Decarbonising bank portfolios

The quality concerns outlined above explain why banks are hesitant about fully engaging with the voluntary carbon market. This should lead to a more consistent and cautious approach across their operations. If banks were to direct their resources towards more transparent and reliable sustainability initiatives, they would have the chance to enhance their credibility and contribute more effectively to genuine environmental progress.

For starters, banks should prioritise phasing out fossil fuels from their portfolios. Since 2016, the world’s 60 largest banks have provided approximately $6.9 trillion to the fossil fuel industry, a recent Banking on Climate Chaos report showed. This massive financial support dwarfs the relatively modest investments that are truly compatible with the transition to an economy that achieves the goals of the Paris Agreement.

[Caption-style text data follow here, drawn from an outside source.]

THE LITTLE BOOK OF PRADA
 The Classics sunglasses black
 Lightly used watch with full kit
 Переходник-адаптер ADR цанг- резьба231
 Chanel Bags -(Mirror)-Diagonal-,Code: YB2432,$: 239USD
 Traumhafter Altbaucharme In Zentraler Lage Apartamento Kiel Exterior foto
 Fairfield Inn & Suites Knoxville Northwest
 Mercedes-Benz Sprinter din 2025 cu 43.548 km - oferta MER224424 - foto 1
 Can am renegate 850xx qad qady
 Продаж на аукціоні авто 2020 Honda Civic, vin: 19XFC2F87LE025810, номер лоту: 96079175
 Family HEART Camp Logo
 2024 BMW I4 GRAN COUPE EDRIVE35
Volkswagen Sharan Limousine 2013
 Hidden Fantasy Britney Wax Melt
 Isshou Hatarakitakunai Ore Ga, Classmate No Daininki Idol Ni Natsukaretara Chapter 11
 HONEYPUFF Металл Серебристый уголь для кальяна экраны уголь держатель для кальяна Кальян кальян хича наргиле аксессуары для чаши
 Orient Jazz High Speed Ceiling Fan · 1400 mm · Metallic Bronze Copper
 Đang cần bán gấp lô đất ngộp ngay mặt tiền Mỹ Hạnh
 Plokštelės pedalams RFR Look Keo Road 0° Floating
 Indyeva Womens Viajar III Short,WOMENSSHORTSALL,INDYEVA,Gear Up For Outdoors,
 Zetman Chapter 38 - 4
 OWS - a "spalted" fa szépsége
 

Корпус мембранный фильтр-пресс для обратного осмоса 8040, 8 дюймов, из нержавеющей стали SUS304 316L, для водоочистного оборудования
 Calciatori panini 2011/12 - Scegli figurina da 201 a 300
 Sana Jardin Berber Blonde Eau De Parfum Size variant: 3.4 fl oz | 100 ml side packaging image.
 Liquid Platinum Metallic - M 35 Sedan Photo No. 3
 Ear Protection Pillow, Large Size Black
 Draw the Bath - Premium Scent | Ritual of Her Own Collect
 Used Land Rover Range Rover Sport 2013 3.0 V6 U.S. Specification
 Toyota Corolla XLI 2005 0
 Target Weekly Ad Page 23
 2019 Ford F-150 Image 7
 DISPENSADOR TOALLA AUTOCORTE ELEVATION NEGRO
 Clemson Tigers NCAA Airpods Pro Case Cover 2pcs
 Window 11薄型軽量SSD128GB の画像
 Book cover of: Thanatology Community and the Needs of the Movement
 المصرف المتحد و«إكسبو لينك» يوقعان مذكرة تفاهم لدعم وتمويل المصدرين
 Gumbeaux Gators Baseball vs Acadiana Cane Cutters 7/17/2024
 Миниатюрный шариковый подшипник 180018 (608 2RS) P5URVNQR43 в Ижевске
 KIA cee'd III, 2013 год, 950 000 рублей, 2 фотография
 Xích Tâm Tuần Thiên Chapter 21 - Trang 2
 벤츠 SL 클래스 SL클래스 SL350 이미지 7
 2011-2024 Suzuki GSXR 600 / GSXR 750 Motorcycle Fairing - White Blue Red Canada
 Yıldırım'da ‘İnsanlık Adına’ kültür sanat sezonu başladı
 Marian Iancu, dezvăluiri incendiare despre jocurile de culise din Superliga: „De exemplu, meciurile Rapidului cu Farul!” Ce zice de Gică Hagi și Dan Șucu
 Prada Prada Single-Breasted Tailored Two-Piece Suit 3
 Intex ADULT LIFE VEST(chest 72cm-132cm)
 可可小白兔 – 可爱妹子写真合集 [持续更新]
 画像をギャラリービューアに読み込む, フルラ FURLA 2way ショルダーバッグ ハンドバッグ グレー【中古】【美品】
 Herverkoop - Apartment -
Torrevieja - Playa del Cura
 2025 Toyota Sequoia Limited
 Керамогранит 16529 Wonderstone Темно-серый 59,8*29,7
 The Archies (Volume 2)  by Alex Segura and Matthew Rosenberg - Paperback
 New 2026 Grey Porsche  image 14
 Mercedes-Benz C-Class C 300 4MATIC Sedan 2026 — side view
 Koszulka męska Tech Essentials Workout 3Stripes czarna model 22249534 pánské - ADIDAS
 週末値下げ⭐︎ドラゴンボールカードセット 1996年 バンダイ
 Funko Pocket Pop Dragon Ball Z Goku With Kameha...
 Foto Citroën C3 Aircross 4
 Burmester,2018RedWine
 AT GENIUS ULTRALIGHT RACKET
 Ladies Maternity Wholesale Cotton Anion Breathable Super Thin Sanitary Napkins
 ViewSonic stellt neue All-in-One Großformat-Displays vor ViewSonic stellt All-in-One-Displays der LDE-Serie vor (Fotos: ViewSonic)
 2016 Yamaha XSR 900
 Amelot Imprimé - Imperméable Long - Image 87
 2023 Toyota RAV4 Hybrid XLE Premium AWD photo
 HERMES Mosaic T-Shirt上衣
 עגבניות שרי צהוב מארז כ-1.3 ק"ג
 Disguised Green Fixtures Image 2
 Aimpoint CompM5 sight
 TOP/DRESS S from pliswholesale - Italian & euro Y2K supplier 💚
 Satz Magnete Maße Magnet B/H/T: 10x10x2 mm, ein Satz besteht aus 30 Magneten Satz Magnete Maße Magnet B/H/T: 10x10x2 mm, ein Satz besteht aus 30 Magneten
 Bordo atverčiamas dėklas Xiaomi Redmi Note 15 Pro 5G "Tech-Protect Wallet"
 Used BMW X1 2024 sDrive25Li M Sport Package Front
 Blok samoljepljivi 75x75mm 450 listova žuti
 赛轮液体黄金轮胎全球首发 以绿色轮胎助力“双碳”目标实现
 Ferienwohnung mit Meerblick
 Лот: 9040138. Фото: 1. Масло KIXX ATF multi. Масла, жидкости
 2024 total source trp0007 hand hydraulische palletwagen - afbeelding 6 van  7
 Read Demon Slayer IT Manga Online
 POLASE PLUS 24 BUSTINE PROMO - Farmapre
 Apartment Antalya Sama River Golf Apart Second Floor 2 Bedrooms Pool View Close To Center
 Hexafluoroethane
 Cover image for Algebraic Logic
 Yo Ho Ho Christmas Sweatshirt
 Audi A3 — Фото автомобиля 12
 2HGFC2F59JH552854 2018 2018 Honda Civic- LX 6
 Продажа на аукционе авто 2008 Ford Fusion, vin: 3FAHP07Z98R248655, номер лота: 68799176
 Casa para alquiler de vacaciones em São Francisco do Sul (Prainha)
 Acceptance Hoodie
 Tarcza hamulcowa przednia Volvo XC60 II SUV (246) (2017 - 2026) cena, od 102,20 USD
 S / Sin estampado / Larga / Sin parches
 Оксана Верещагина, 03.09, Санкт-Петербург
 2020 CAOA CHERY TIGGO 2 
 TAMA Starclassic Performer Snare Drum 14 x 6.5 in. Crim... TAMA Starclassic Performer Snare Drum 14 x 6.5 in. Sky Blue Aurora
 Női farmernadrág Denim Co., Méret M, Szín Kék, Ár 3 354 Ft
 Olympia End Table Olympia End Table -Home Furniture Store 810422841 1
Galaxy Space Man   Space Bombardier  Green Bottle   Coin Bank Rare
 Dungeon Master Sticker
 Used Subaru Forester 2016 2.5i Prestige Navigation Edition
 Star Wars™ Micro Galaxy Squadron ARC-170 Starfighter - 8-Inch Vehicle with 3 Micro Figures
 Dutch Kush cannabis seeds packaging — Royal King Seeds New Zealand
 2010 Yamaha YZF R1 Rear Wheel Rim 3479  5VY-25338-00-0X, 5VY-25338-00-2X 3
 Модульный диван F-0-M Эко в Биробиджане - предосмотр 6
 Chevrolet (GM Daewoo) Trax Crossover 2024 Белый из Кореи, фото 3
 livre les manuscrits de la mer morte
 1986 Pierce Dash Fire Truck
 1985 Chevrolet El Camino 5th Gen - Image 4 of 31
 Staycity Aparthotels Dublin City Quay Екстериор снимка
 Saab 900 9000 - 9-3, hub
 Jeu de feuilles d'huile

By reducing their exposure to and funding of fossil fuel investments, banks can significantly contribute to global climate goals. Divesting from fossil fuels can help  align financial portfolios with a sustainable future while also sending a strong signal to the wider economy about the urgent need to shift away from carbon-intensive energy sources. It would also reduce the exposure of banks to the risk of future stranded assets (i.e. fossil fuel installations or technologies that will have become obsolete and worthless due to the energy transition, such as oil or gas pipelines, liquefied gas platforms or fossil fuel power stations).

Banks phasing out their fossil fuels would have a more direct and substantial impact on slashing economy-wide greenhouse gas emissions compared to the fragmented and often problematic voluntary carbon markets. Such a strategy would require banks to implement robust policies and frameworks for assessing and mitigating climate risks, fostering investments in renewable energy, and supporting sustainable business practices and public  policy.

Bankrolling the future

The minimal involvement of banks in carbon markets is not necessarily bad news for the climate, especially if investment in the VCM continues to favour quantity over quality. The best service banks can render the climate and their own long-term prosperity is exclusively to loan money to and invest in sustainable economic activities. As the world faces an ever more urgent climate emergency, these findings emphasise the importance of aligning the financial sector with radical action from which the climate benefits.


* Jack Arnold is with the Columbia Centre on Sustainable Investment. His research focuses on investments in mining and energy.